US President Donald Trump has threatened to send in the military to quell growing civil unrest over the death of a black man in police custody.
He said if cities and states failed to control the protests and “defend their residents” he would deploy the army and “quickly solve the problem for them”.
The death of George Floyd, 46, in Minneapolis on 25 May triggered an outpouring of anger across the country.
Major cities have implemented curfews as the unrest enters its seventh day.
New York City has imposed a citywide lockdown until 05:00 on Tuesday. Washington DC, meanwhile, has extended its curfew for another two nights.
But the demonstrations are expected to continue. They began after a video showed Mr Floyd being arrested and a white police officer continuing to kneel on his neck even after he pleaded that he could not breathe.
The officer, Derek Chauvin, has been charged with third-degree murder and manslaughter and will appear in court next week.

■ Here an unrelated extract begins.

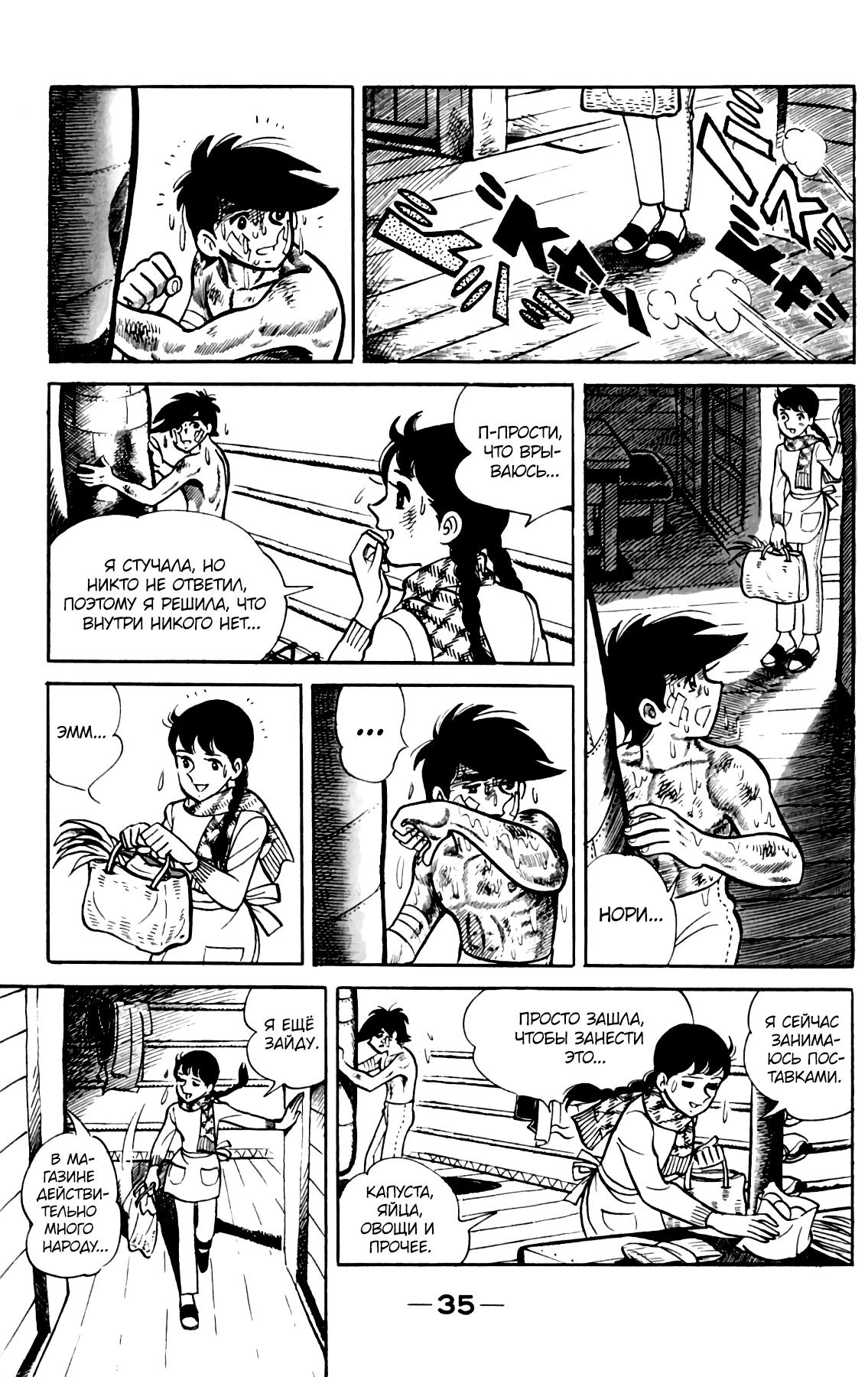 Read Завтрашний Джо Manga Online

Three other police officers have been fired.
On Monday, an official post-mortem examination declared Mr Floyd’s death a homicide.
What did Trump say?
The president delivered a brief address from the White House Rose Garden on Monday evening, and it was marked by the sound of a nearby protest being dispersed with tear gas and rubber bullets.
He said “all Americans were rightly sickened and revolted by the brutal death of George Floyd” but said his memory must not be “drowned out by an angry mob”.
Mr Trump described the scenes of looting and violence in the capital on Sunday as “a total disgrace” before pledging to bolster the city’s defences.
“I am dispatching thousands and thousands of heavily armed soldiers, military personnel and law enforcement officers to stop the rioting, looting, vandalism, assaults and the wanton destruction of property,” he said.
Mr Trump then turned his attention to the national protests, which he blamed on “professional anarchists” and the anti-fascist group Antifa. On Sunday, he designated Antifa as a terrorist organisation.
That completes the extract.